§ About this exercise:
Before you finish, make sure every line below has been written out exactly.

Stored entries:
***
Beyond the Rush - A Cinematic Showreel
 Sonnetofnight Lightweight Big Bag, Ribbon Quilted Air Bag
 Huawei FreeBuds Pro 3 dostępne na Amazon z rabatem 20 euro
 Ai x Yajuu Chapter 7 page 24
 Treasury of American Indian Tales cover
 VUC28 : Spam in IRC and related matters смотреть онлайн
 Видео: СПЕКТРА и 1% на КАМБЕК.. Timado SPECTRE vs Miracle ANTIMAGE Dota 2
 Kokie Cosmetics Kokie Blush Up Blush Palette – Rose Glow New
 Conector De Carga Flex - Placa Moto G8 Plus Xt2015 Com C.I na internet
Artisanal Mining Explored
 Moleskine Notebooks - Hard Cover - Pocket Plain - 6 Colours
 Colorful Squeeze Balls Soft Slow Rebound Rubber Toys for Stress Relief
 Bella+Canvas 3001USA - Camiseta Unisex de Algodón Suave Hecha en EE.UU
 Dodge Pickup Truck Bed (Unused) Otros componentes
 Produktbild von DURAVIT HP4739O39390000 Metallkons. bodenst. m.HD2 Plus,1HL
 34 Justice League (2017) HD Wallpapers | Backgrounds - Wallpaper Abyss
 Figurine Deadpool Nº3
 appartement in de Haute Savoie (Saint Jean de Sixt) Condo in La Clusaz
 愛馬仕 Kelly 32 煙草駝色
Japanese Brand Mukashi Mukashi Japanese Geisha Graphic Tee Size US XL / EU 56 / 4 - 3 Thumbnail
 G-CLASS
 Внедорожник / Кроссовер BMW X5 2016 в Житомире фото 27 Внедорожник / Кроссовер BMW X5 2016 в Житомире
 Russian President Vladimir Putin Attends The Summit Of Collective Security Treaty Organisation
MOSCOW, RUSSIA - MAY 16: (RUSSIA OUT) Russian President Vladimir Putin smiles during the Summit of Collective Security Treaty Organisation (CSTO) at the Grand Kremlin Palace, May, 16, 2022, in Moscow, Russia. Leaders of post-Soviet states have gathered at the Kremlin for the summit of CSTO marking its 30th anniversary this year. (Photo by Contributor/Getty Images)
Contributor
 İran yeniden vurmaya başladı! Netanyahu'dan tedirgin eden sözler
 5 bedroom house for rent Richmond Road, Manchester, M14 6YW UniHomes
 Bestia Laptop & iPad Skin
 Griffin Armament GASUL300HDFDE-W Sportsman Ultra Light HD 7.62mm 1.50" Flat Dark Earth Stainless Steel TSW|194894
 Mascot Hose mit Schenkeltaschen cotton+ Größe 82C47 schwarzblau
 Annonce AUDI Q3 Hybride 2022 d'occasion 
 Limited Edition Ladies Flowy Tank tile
***
§ Response area:
Beyond the Rush - A Cinematic Showreel
 Sonnetofnight Lightweight Big Bag, Ribbon Quilted Air Bag
 Huawei FreeBuds Pro 3 dostępne na Amazon z rabatem 20 euro
 Ai x Yajuu Chapter 7 page 24
 Treasury of American Indian Tales cover
 VUC28 : Spam in IRC and related matters смотреть онлайн
 Видео: СПЕКТРА и 1% на КАМБЕК.. Timado SPECTRE vs Miracle ANTIMAGE Dota 2
 Kokie Cosmetics Kokie Blush Up Blush Palette – Rose Glow New
 Conector De Carga Flex - Placa Moto G8 Plus Xt2015 Com C.I na internet
Artisanal Mining Explored
 Moleskine Notebooks - Hard Cover - Pocket Plain - 6 Colours
 Colorful Squeeze Balls Soft Slow Rebound Rubber Toys for Stress Relief
 Bella+Canvas 3001USA - Camiseta Unisex de Algodón Suave Hecha en EE.UU
 Dodge Pickup Truck Bed (Unused) Otros componentes
 Produktbild von DURAVIT HP4739O39390000 Metallkons. bodenst. m.HD2 Plus,1HL
 34 Justice League (2017) HD Wallpapers | Backgrounds - Wallpaper Abyss
 Figurine Deadpool Nº3
 appartement in de Haute Savoie (Saint Jean de Sixt) Condo in La Clusaz
 愛馬仕 Kelly 32 煙草駝色
Japanese Brand Mukashi Mukashi Japanese Geisha Graphic Tee Size US XL / EU 56 / 4 - 3 Thumbnail
 G-CLASS
 Внедорожник / Кроссовер BMW X5 2016 в Житомире фото 27 Внедорожник / Кроссовер BMW X5 2016 в Житомире
 Russian President Vladimir Putin Attends The Summit Of Collective Security Treaty Organisation
MOSCOW, RUSSIA - MAY 16: (RUSSIA OUT) Russian President Vladimir Putin smiles during the Summit of Collective Security Treaty Organisation (CSTO) at the Grand Kremlin Palace, May, 16, 2022, in Moscow, Russia. Leaders of post-Soviet states have gathered at the Kremlin for the summit of CSTO marking its 30th anniversary this year. (Photo by Contributor/Getty Images)
Contributor
 İran yeniden vurmaya başladı! Netanyahu'dan tedirgin eden sözler
 5 bedroom house for rent Richmond Road, Manchester, M14 6YW UniHomes
 Bestia Laptop & iPad Skin
 Griffin Armament GASUL300HDFDE-W Sportsman Ultra Light HD 7.62mm 1.50" Flat Dark Earth Stainless Steel TSW|194894
 Mascot Hose mit Schenkeltaschen cotton+ Größe 82C47 schwarzblau
 Annonce AUDI Q3 Hybride 2022 d'occasion 
 Limited Edition Ladies Flowy Tank tile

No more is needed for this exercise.